Creating Sthira and Sukha – Sweet Space
More important than the perfect posture is how we feel in body, breath and mind. There should be a harmony in our practice. Patanjali talks about the concept of sthira and sukha. Sthira is about steadiness and alertness within a posture while sukha is the comfort of the posture. Both these qualities should be present to the same degree. The inhalation tends to be associated with stirham and the exhalation with sukham. But both sthira and sukha are essential – one is never sacrificed for the other. What this means in practical terms, is that there should never be any tension or restriction within any movement. If we push or try to get into a fixed or rigid posture, we may actually reinforce unhelpful samskaras which further stress the body. So yoga should be about light, but conscious endeavour – our practice is focused but never forced. Remember that asana is about freeing the whole system so the practice should be energising and not tiring.

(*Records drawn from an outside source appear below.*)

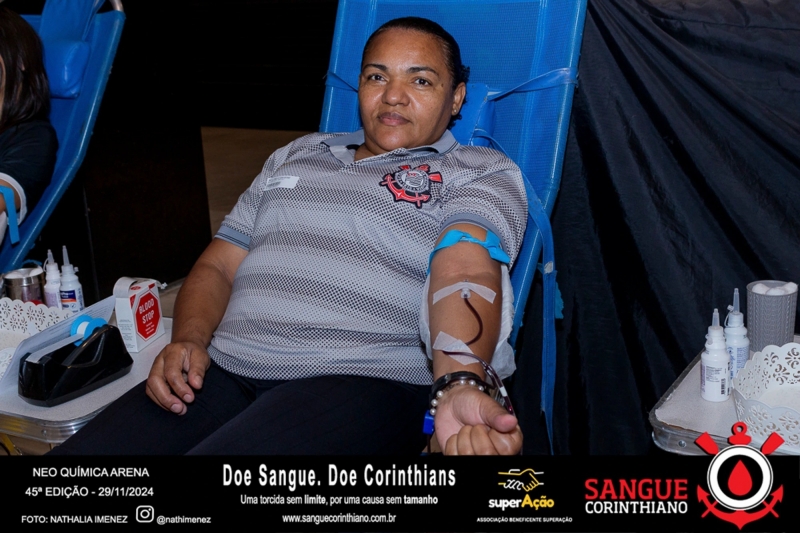 45º Edição - Campanha Sangue Corinthiano - Neo Quimíca Arena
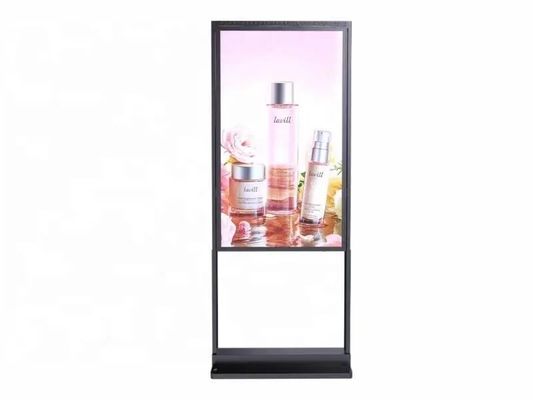 43인치 고휘도 광고 디스플레이 디지털 사이니지 (200W 전력, 1000cd/m2 밝기)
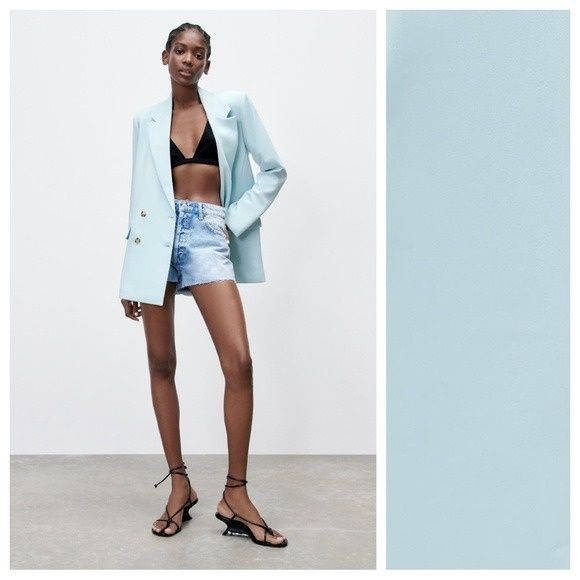 Sacou Zara de vara superb nou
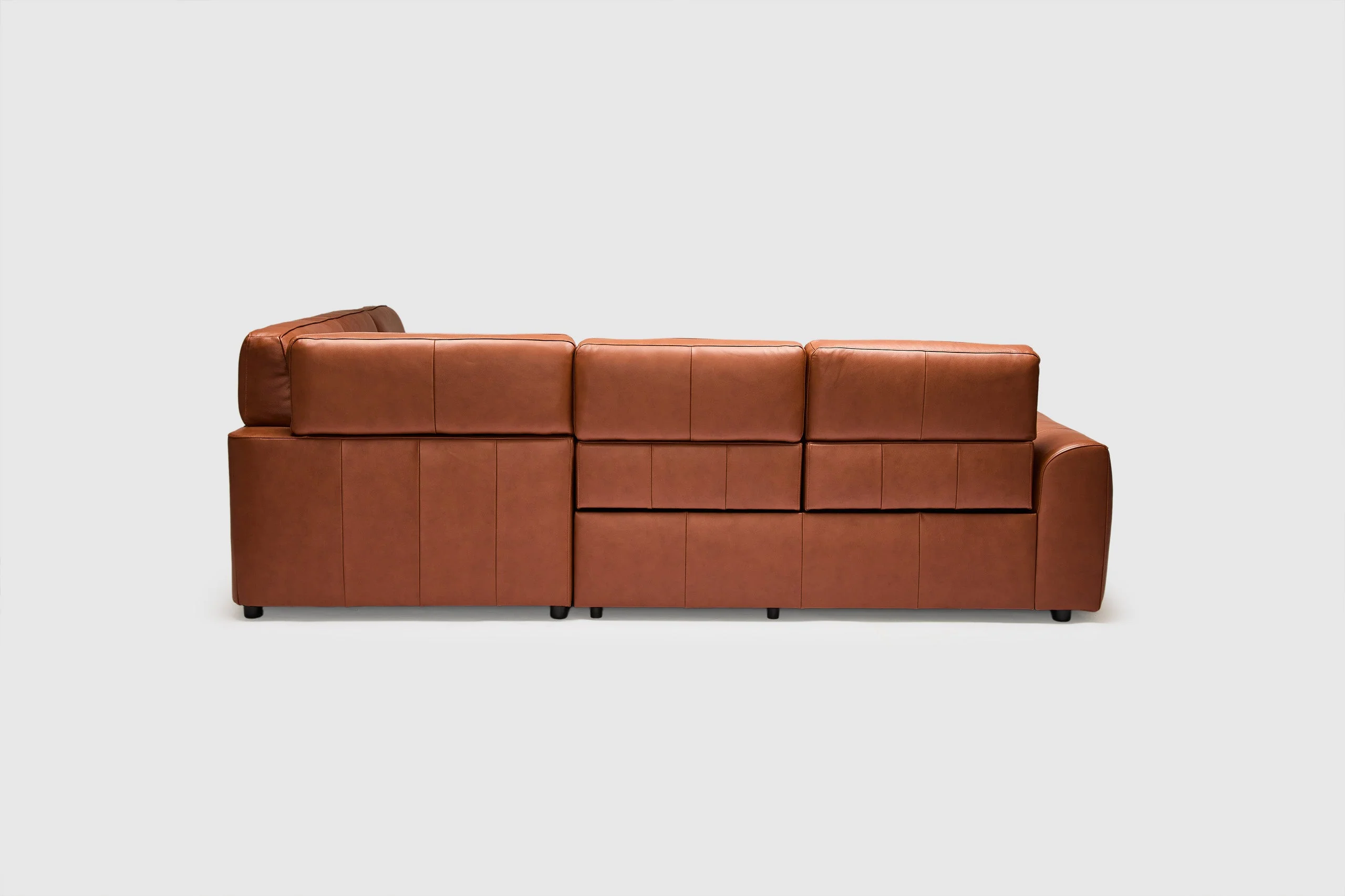 Santoro 6 Seat Modular - Leather - Image 18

People with ME tend to be very flexible but they have poor muscle tone and little strength – so we have to be very careful not to push them to hyper-extend in a posture.
“Think of the breath as your friend.” – TKV Desikachar
Breath awareness and breathing practices should always be approached very gently as they are potentially very powerful. People experiencing stress burn out/ME/CFS often have entrenched breathing patterns which exacerbate their experience (shallow, fast, inhale dominant). Bringing awareness to and beginning to change these patterns can, if not done slowly and gently, cause stress and anxiety as well as physiological changes which can bring about unwelcome sensations. Recalling Dhirga Sukshma (YS 250) which encourages us to cultivate a smooth, even breath which brings about ‘great peace’ (suksma) it is the resulting experience which is important not having a prescribed length of breath. We can think of the breath as an offering – Isvara Pranidhana (YS 1:23). Desikachar, one of the great yoga masters of the 20th century said that the breath takes us closer to purusha – (ie to the present moment, to ‘I Am That’). So the purpose of pranayama is to quieten the mind so that we may inhabit the present fully.
It is very important that the breath should never be forced – if we push the limits, we harm ourselves and are no longer practicing ahimsa – non-violence or kindness towards ourselves.’